Mass-Lifting from The Moon

For building large space colonies in orbit (I mean really huge), mass-lifting from the moon is a tricky proposition. Asteroids are clearly a good alternative, but they are not a panacea for massive space industry because you must either choose between small masses, inaccessible locations, or outrageously long travel times.

If the goal is something like an O’Neil space colony, then a more extreme scheme will be needed to do build habitats at low cost. Here, I will begin to intellectually entertain the process of deconstructing an entire astronomical body, particular with Martian moons, large asteroid belt objects, or Jovian moons in mind as the source material.

The Mass Distribution Problem

Many people are surprised to find out that our moon is larger than all objects in the asteroid belt put together by a large margin. Evolution of our solar system by gravitational interactions and collisions underwent something like Ostwald ripening:

The big ones get bigger, and the small ones get eaten. That is the reason that the space around Earth is extraordinarily clean, and why mass values of astronomical objects are distributed in a hierarchical pattern.

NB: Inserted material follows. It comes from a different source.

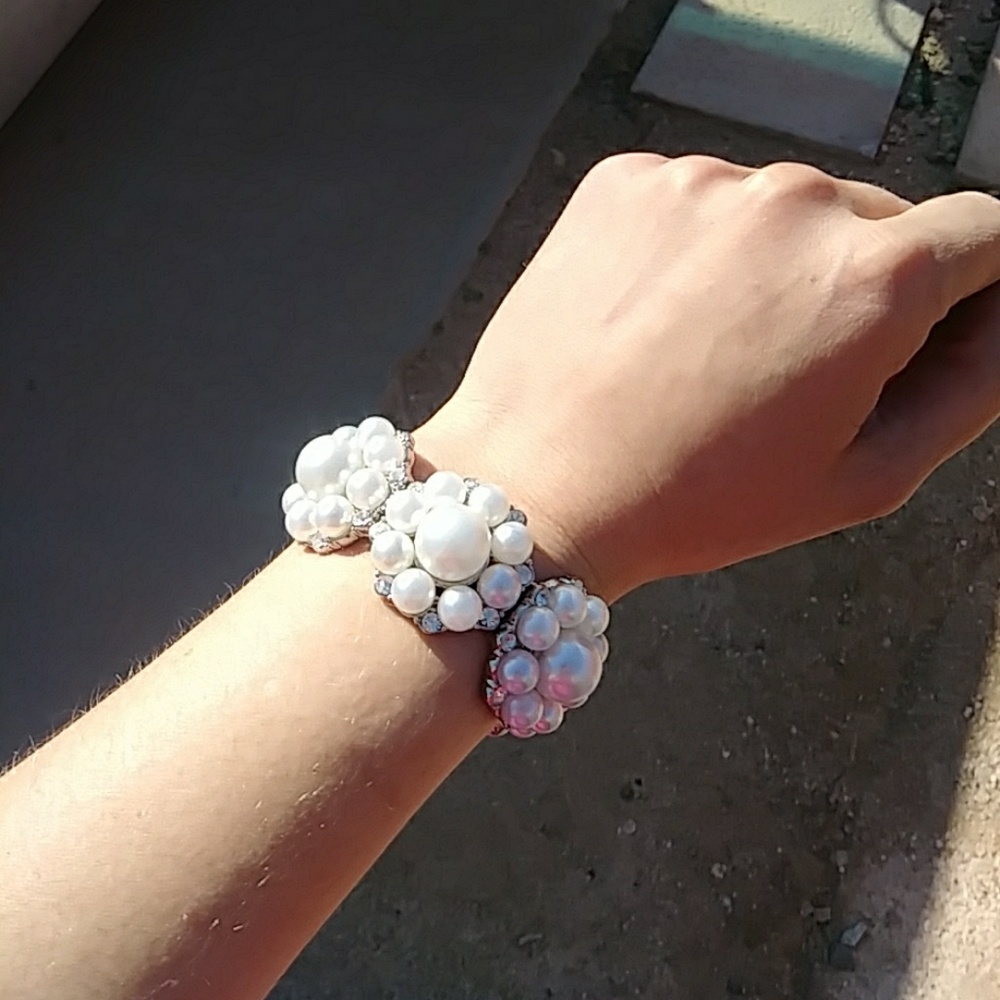 Floral pearl bracelet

This is a big problem for people who envision a space society based around asteroids, because the asteroid materials are either relatively scarce (like Near Earth Asteroids) or have extremely inconvenient orbital parameters, such as high inclinations or being highly elliptic.

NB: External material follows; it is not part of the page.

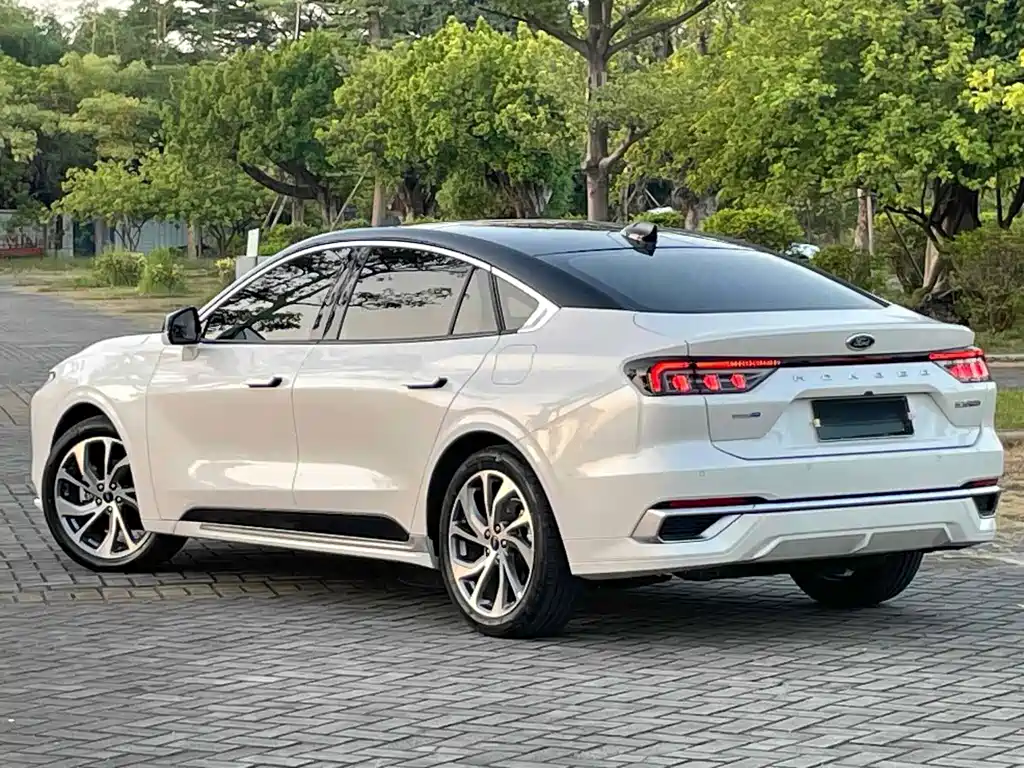 Ford Mondeo — миниатюра 10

Lifting — Essentially Complete Deconstruction of an Astronomical Object

A launch gun on the moon is “mass-lifting”, but make the object itself the first word in that phrase, “moon-lifting”, “asteroid-lifting”, or “star-lifting” and you express a very different concept. While mass-lifting would bring a marginal fraction of the mass out of the gravity well, moon-lifting would completely destroy the object’s gravity well, dispersing the material en-mass into chunks which are all much smaller than the original object.

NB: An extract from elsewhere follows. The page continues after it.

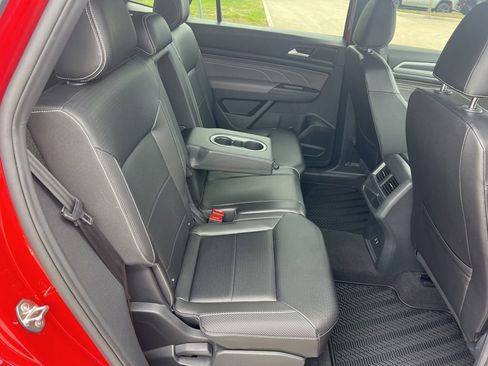 Used 2021 Volkswagen Atlas Cross Sport SE AWD/4WD image 33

Why Would We Ever Do This?

To repeat the scenario mentioned about O’Neil habitats, someone would likely process the materials to make the steel hulls of massive space habitats.

Fleets of Island Three habitats would likely require radical mass-delivery methods like moon-lifting. Other, more creative, applications for bulk masses also exist.

Mining Trace Minerals

A growing number of asteroid bulls believe that we will conduct mining operations on asteroids. The point is not to transport the entire mass, but to set up refining operations on the asteroid and only deliver a small quantity of precious metals extracted from it. Digging into a body with significant gravity presents a sort of complication that’s not necessary for small objects. As such, moon lifting could eventually become something tantamount to strip mining in space where enormous quantities of matter are scoured by methods that have extreme economies of scale by traversing newly exposed surfaces from a moon or asteroid.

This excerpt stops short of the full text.